Biting Tongues formed in order to perform a live sound-track to an 8mm film of the same name at the Factory in 1979. Of the 6 or 7 in the band on that day, only Graham Massey and Howard Walmesley remain.

Although they are keen to convince me that they're not famous, their records do sell well in foreign lands;Japan, Holland and (in the case of earlier works) Scandinavia and Italy.
They don't. have a ready-made market or audience. But despite this, and despite the near impossibility of the search for genuine reference points, they do share, in the degree of unorthodoxy at least, common ground with the likes of 23 Skidoo. And Graham admits that "bands like ACR aren't that far from many of the things we do". It's for certain that they are, in Howard's words "horribly alienated" from the mainstream popular music world.

Graham is responsible,apparently,for the guitar, trumpet,trombone,tepes, clarinet and vocals; a surprisingly vast armoury for such an unassuming (& likeable) man.
Howard takes on equally gruelling responsibilities for saxes, flutes,percussion and vocals

BITING DISCS

'Don't Heal' (Situation 2 LP, January 1981) 'Live It' (New Hormones Cassette, February 1982)
'Evening State'/'Lock Up State' (Antler 12", March 1983)
'Libreville' (Paragon LP, March 1983)
'Feverhouse'(Factory LP - FACT 105 - April 1985)
'Trouble Hand' (Factory 12" - FAC 134 - November 1985)
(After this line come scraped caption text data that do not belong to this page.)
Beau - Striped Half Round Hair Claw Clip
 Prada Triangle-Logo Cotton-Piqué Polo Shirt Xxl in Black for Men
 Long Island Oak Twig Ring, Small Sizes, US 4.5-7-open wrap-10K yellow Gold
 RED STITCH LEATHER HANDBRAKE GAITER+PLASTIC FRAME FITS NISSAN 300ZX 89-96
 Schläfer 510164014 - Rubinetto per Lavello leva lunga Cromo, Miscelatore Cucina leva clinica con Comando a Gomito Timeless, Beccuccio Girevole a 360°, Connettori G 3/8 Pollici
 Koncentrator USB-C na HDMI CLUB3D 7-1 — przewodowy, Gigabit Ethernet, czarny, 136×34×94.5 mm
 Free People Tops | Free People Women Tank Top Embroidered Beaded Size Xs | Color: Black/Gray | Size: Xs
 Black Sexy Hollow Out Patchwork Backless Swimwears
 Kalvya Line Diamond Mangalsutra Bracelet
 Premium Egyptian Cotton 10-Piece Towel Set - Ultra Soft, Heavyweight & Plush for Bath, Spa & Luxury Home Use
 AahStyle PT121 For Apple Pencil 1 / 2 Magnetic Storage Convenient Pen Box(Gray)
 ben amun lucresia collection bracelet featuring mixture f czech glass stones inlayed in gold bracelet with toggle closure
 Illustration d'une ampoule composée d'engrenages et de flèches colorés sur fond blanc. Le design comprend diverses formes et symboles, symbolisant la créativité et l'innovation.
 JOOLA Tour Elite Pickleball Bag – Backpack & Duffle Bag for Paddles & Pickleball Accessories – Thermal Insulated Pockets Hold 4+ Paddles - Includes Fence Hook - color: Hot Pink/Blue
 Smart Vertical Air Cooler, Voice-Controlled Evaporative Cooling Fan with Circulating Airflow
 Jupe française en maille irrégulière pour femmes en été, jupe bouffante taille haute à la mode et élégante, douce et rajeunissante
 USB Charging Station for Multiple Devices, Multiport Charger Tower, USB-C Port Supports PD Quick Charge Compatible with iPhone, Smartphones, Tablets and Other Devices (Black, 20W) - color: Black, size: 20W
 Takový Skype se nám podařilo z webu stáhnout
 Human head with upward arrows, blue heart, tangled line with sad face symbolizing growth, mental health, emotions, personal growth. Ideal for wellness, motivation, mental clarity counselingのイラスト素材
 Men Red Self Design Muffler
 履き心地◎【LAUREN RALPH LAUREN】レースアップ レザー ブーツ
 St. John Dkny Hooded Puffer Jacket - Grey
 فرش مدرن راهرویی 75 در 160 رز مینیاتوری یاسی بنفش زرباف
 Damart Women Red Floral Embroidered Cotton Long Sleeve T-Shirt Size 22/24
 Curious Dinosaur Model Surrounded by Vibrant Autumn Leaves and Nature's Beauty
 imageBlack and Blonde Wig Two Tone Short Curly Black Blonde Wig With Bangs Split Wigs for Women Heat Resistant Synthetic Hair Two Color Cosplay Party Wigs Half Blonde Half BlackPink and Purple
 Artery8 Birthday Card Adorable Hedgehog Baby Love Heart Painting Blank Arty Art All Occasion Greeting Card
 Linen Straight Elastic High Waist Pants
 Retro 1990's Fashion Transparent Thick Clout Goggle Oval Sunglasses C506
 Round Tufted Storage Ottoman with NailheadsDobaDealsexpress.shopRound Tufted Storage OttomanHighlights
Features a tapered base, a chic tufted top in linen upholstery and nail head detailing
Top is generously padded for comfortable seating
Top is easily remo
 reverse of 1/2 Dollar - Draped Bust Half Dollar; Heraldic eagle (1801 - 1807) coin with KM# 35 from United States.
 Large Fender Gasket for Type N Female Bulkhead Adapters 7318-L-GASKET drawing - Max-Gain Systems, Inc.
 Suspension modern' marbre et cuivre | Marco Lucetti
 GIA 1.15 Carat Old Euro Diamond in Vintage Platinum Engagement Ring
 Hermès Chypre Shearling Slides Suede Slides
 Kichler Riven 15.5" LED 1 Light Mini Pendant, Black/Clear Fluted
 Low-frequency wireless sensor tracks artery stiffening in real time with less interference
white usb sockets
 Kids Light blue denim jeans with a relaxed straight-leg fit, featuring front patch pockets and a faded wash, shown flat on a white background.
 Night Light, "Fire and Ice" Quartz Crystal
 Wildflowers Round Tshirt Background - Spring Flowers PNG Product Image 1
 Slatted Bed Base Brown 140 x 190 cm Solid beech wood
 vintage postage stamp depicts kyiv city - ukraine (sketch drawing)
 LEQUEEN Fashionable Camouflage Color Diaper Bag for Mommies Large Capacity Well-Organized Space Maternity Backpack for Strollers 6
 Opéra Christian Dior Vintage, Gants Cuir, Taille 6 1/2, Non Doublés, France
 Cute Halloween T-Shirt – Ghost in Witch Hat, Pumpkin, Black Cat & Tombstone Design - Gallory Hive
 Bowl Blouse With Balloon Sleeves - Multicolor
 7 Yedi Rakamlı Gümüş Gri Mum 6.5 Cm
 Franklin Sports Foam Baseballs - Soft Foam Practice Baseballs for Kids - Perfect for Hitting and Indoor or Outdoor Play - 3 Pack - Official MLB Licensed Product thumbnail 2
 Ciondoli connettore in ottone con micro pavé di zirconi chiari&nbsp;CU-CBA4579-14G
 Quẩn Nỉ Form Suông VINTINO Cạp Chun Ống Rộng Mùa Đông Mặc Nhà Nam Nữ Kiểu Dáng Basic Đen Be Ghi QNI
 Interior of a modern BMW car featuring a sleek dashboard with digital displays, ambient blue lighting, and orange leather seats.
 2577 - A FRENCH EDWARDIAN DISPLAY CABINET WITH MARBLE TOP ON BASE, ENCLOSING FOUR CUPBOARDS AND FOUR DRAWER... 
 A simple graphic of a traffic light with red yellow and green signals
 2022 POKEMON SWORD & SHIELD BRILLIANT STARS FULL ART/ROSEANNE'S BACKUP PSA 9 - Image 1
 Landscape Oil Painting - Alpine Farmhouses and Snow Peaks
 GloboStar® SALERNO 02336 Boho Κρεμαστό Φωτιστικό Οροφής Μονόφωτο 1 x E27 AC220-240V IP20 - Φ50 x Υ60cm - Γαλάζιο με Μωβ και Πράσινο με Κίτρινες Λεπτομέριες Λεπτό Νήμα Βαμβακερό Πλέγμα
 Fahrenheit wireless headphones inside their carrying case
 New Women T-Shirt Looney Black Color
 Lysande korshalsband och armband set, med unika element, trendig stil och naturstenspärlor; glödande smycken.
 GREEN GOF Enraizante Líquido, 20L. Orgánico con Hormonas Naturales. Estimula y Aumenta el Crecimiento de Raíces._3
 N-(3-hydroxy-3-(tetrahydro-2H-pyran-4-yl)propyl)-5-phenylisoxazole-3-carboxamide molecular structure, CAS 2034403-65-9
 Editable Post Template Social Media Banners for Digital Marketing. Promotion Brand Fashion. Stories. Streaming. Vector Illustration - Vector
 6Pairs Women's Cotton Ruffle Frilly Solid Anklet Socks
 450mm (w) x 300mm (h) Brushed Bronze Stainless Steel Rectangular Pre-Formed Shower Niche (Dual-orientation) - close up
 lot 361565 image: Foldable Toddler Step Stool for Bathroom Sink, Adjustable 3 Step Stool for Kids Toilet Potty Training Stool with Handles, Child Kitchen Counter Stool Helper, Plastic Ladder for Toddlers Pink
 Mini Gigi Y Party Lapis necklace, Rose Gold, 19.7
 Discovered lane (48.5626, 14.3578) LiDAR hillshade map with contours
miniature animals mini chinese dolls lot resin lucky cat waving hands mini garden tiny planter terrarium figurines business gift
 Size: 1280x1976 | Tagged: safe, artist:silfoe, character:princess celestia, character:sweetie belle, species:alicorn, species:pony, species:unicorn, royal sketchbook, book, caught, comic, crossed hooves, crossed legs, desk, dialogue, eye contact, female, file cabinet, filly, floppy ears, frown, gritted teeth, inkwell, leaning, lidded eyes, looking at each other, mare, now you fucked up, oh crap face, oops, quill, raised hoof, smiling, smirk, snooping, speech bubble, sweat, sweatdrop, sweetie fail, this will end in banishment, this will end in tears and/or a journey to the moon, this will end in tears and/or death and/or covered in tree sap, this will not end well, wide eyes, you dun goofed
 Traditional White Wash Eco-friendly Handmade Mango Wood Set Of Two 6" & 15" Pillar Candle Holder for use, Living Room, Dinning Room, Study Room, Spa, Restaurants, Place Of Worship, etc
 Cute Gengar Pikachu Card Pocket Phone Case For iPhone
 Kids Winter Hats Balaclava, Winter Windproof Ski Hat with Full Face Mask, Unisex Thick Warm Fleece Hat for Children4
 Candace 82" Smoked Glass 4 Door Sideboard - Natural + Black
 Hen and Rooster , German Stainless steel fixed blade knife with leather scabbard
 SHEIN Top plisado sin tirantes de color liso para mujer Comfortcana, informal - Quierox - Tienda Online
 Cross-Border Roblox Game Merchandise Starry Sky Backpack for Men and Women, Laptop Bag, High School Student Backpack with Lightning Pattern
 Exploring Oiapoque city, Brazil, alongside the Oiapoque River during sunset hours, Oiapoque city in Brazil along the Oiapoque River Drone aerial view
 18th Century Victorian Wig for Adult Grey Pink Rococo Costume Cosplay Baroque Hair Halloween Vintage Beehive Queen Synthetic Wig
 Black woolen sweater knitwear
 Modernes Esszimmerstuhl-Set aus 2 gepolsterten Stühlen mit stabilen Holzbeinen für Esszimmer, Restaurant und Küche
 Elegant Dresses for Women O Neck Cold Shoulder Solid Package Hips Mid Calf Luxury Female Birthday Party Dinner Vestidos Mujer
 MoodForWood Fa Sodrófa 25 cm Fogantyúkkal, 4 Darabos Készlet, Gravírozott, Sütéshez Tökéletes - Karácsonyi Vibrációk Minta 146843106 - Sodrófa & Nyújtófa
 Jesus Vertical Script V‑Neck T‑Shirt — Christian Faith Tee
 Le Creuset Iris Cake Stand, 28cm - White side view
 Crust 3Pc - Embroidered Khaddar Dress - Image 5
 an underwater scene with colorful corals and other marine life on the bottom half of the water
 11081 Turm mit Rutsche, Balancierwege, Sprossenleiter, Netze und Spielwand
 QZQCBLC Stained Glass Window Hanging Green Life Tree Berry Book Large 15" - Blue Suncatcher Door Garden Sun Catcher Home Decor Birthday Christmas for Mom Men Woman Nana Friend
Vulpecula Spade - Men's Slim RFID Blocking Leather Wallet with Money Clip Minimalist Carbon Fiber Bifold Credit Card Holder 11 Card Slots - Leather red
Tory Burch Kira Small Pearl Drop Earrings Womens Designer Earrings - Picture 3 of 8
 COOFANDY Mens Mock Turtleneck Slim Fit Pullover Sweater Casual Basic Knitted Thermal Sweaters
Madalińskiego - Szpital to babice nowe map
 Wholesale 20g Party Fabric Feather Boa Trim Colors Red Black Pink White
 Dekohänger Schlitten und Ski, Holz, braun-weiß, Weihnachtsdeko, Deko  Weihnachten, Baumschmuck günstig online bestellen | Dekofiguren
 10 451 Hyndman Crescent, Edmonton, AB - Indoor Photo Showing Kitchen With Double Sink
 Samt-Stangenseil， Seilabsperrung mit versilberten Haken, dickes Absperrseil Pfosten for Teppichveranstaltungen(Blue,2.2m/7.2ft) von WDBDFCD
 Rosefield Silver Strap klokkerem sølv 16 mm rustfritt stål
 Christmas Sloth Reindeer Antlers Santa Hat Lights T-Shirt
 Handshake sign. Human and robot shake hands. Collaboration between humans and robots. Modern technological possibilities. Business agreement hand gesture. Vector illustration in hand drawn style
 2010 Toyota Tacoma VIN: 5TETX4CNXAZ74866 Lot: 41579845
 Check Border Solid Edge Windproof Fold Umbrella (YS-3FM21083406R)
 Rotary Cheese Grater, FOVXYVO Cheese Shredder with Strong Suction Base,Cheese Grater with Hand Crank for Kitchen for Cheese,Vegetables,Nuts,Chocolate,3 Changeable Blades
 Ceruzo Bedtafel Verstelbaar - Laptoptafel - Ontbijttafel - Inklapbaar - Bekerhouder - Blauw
Their work on soundtracks has culminated recently in the 'Feverhouse' soundtrack. 'Feverhouse' (released by Factory Ikon, scripted by Ken Hollings) was directed by Howard Walmesley, with others in the band being involved in more than the soundtrack. Making a soundtrack to a film is a complex business, but Graham explained that in their wider involvement they "absorbed what the film was about and its atmosphere", and the making of the soundtrack was, in a way therefore, "second nature".

They spent a month recording the soundtrack in an E.T factory in Reddich; they swear "there were E.T skins lying everywhere.In this bizarre environment they weaved together the oddest sounds; they used "sticks, stones, bones, and its of metal" as more conventional instruments. Graham considers the 'Feverhouse' soundtrack "an anomaly in our discography - not like any of our other records and not like the things we do live".
Howard, one of Manchester's most prolific independent film-makers, says that out of all his activities "music has the highest priority, though it's not the one I can give most time to". Perhaps because of their immersion in visual, cinematic ways of thinking, their music tends towards evocative sound, textures and tones. If you think about it, jazz - out, of all modern styles of music - has always made for the most colourful and persuasive film scores. Words take a back seat in their music; they're not concerned with delivering messages along quite such a well-worn path.

One of the differences between film and music for Howard is that one of his films, once released, is a "fixed thing, something permanent that can't be changed", but music, through recurrent performance is "much more fluid". This is especially true when musicians have the same kind of allegiance to jazz as Biting Tongues have; an allegiance which recognises how jazz has a reputation for staidness, yet which realises that jazz forms and unleashed horns can produce the most soul-stirring sounds.

Their sound, lively and celebratory, yet on the very borders of convention flows with great ease. Playing loud and live the sparks can really fly. "One of the things that have changed",says Howard "is that people used to think we wanted to sound like someone else,and failed. Now they like us, and take us on our own terms. It's hard to call the music 'unconventional' because it seems totally reasonable to me".